IT is the CPI(M)’s refusal to identify the Indian big bourgeoisie as dependent and reactionary that serves as the biggest programmatic source of all its political opportunism. If this Indian big bourgeoisie is really interested in defending independence and sovereignty, how does the CPI(M) explain India’s increasing capitulation to the trinity of IMF-WB-GATT? Moreover, in the CPI(M)’s view, economy is not the main arena of imperialist intervention and nor are the big bourgeoisie and its principal party, the Congress, the foremost agency of imperialist penetration and pressure. Because that would not allow the party to get away with its vague thesis of dual character without bothering to identify the primary aspect in this duality. The two key channels of imperialist intervention according to CPI(M) are then located in Pakistan and in the secessionist and other national autonomy or statehood movements. In his critique of our Party in The Marxist in 1990, Prakash Karat pointed out that “the IPF-ML have to realise that to fight against imperialism in India today, the struggle against it has to focus on this keylink of imperialist aid to divisiveness”.CPI(ML)/1PF: Quest for A Left Role, The Marxist, October-December 1990, p 33. We were also accused of taking a “starry-eyed idealistic view of Pakistan”. We were criticised because when relations between India and Pakistan were tense because of the Kashmir developments, we directed the edge of our “propaganda against the war jingoism of the Indian ruling classes”. The message is clear: when relations are tense between India and Pakistan, and they are almost always so, join the chauvinistic chorus against Pakistan and don’t oppose the jingoism of your own bourgeoisie.

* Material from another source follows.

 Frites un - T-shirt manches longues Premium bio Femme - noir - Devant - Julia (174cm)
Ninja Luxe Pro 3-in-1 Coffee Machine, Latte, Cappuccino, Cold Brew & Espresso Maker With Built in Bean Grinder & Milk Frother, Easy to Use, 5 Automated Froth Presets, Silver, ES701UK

This opportunist apology of national chauvinism was theorised in great detail and with great gusto in another article in The Marxist in 1985. The article, titled “Peace in South Asia : the Pakistan Question”, accused Pakistan of bringing imperialist forces into the subcontinental strategic environment, overtly and covertly encouraging, with US backing, our other neighbours to keep up a confrontational posture towards India and striving to diplomatically contain India, pinning it down in endless regional problems and preventing it from playing the larger global role it seeks to play. The author called for giving up the notion which inhibits criticism of the US-Pakistan axis in general and of Pakistan in particular on the ground that it would lead to national chauvinism or softening up of the Left attitude towards the Congress. Pakistan, he pointed out, is not just another state bordering India, but is a peddler of feudal ideology, an agent of US imperialism and a bulwark against communism. The article concluded by exhorting the Left to discharge its historical task to preserve national integrity, fight feudal ideologies and resist imperialist penetration by launching an uninhibited campaign on these issues without being defensive. All these would have been really revolutionary prescriptions for a Communist Party in Pakistan, but when an Indian Communist Party invokes these arguments to rationalise anti-Pak propaganda, it is nothing but the worst kind of opportunist capitulation to the bourgeois ideology of national chauvinism.

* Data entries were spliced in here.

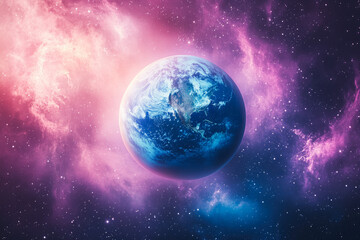 Poster - A stunning depiction of Earth surrounded by a colorful cosmic nebula, showcasing the beauty of our planet in space.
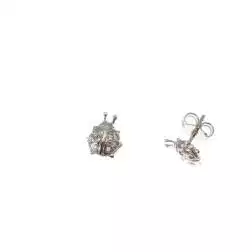 Ladybug Earrings zircons and white gold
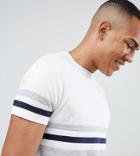 Asos Design Tall T-shirt With Color Block And Raglan Sleeves - White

There is also an ugly internal face of this chauvinism which manifests itself in the CPI(M) position on the secessionist and other nationality and tribal autonomy movements which are often clubbed together as divisive forces. Incidentally, the CPI(M)’s present policy of extending direct or indirect support to the ruling classes’ way of tackling the nationality question in India can be attributed to the correction it introduced in the concerned chapter of the party programme in the Ninth Party Congress. The 1951 programme had recognised the right of nationalities to self-determination including secession. The Ninth Congress dropped this para and rewrote the entire chapter. All references to India's multinational character were omitted from the programme and the nationality question was sought to be explained away only as a set of residual problems concerning linguistic states, Centre-State relations and tribal autonomy. Since then, secessionist movements and in many cases even demands for statehood or autonomy have lost all their objectivity to the CPI(M) which treats such movements primarily as imperialist-aided anti-national conspiracies.

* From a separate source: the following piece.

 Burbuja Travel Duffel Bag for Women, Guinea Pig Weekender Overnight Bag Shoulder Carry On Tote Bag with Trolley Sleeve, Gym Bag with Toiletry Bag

In his explanatory speech on Party Programme at the 1985 Central Party School, Basavapunniah pointed out that “India is a multilingual, multinational and multiracial subcontinent, and it was merged into a single State under British rule by the British bayonet.” If that is so then one should naturally expect some attempts to undo that forced integration in the post-British period. Some of the North-Eastern movements do indeed belong to this category. But more importantly we must remember that the natural tendency of capitalism is to lead to nation states. The multinational form is quite exceptional and perhaps compatible only with backward capitalism. The development of capitalism is bound to strengthen not merely the elements of pan-Indian consciousness but also what could be called regional or nationality consciousness. The integration of the feudal kingdoms into the Indian Union and the subsequent formation of linguistic states have not eliminated this natural tendency or law of capitalist development but only facilitated it by removing some obvious fetters and providing a new framework for the growth of such sub-nationalism.